Investors are holding their breath ahead of the release of a series of key economic indicators from the United States, which will not only shed light on the health of growth across the Atlantic but also on the Federal Reserve's monetary policy trajectory.
Recently, several Federal Reserve officials have highlighted the need for a pause in the current cycle of monetary easing, echoing the increased caution expressed by the institution's chairman, Jerome Powell. This stance has contributed to recent declines in equity markets.
Due at 2:30 p.m., data on U.S. consumer spending and producer prices will reveal whether inflation remains stubbornly high in the country, which would increase the likelihood that the Fed will "sit out" the December meeting.

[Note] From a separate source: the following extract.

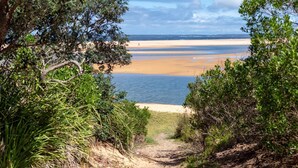 A coastal path leading to a beach with a clear view of the sea and distant shoreline.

In this context, traders estimate there is over an 80% probability of another rate cut following the December 9-10 meeting, according to the FedWatch tool, up from around 50% last week.

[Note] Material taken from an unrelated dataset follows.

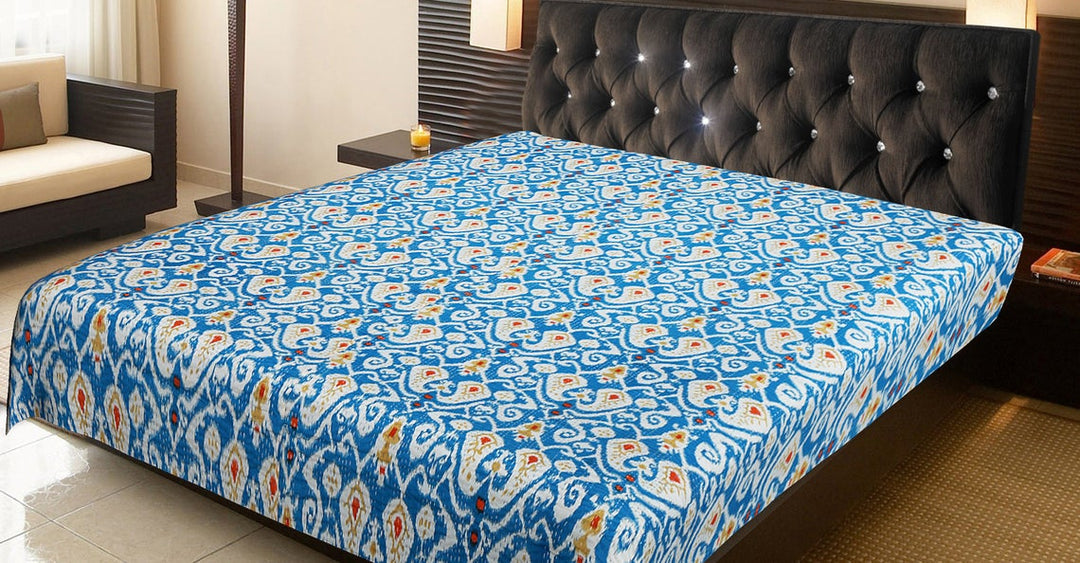 Blue and white ikat design Kantha blanket on king-size bed with tufted black headboard in modern bedroom setting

The "Goldilocks" scenario—solid growth paired with contained inflation and lower rates—has lost some favor among analysts in recent notes, replaced by a less optimistic outlook marked by concerns over the stock valuations of tech giants and fears regarding the U.S. job market.
A return to more favorable growth prospects, combined with moderate inflation, could help revive risk appetite as the 2026 fiscal year approaches, prompting investors to strengthen their positions during market pullbacks ("buy the dips")—a logic that had somewhat vanished from markets in recent weeks.

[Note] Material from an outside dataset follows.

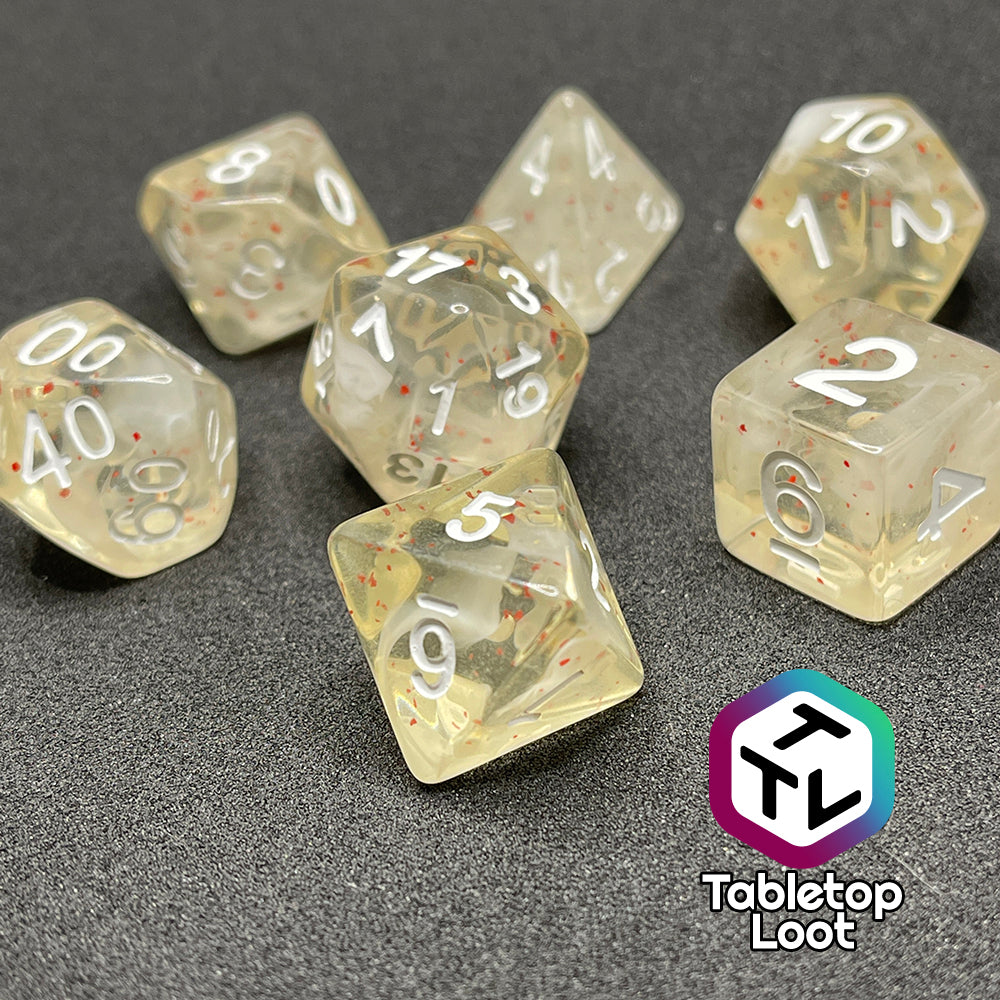 A close up of the Spore Cloud 7 piece dice set from Tabletop Loot with swirls of white and speckles of red suspended in clear resin and white numbering.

"I continue to buy when prices dip, because I believe the market still has upside potential," said Michael Brown, market analyst at Pepperstone, this morning. "Seasonality also works in my favor: historically, when the S&P 500 has already gained at least 10% by the end of the third quarter, it never ends both November and December in decline," the strategist noted.
This morning, investors learned that Germany's GDP stagnated in the third quarter of 2025 compared to the previous quarter. The Federal Statistical Office (Destatis) thus confirmed its initial estimate published on October 30.
"Weak exports had a dampening effect on economic activity in the third quarter, while gross fixed capital formation increased slightly," emphasized Ruth Brand, president of Destatis.
Meanwhile, French consumer confidence slipped slightly in November, according to the synthetic indicator from Insee, which dropped one point to 89 and remains well below its long-term average (100 between January 1987 and December 2024).
In London, Brent crude is down 0.7%, at 62.9 USD. The euro is stable against the greenback, at 1.15 USD.
In the bond market, the 10-year OAT is at 3.44% compared to a 10-year Bund at 2.69%.
In French corporate news, Sanofi announced that the European Commission has approved Dupixent for the treatment of moderate to severe chronic spontaneous urticaria (CSU) in adults and adolescents aged 12 and over, making it the first targeted medicine for this disease in the EU in over a decade.
Wendel reported that it signed, on November 24, the agreement to acquire a controlling stake in Committed Advisors from its founding partners, following exclusive negotiations announced on October 24.
Eutelsat announced the launch of a capital increase with retention of preferential subscription rights, for a gross amount of approximately 670 million euros, as part of its capital raising of around 1.5 billion euros to strengthen its financial structure and fund its strategic plan.
TotalEnergies announced that its subsidiary TotalEnergies EP Nigeria has finalized the sale of its non-operated 12.5% stake in the OML118 production sharing contract. The asset has been acquired by Shell Nigeria Exploration and Production Company (10%) and Nigerian Agip Exploration (2.5%) for a total amount of 510 million USD.
Finally, AXA IM Alts, a BNP Paribas subsidiary since last July 1, announced it has acquired, on behalf of its clients, a 40% stake in FiberPass, one of Spain's leading shared fiber optic (FTTH) operators.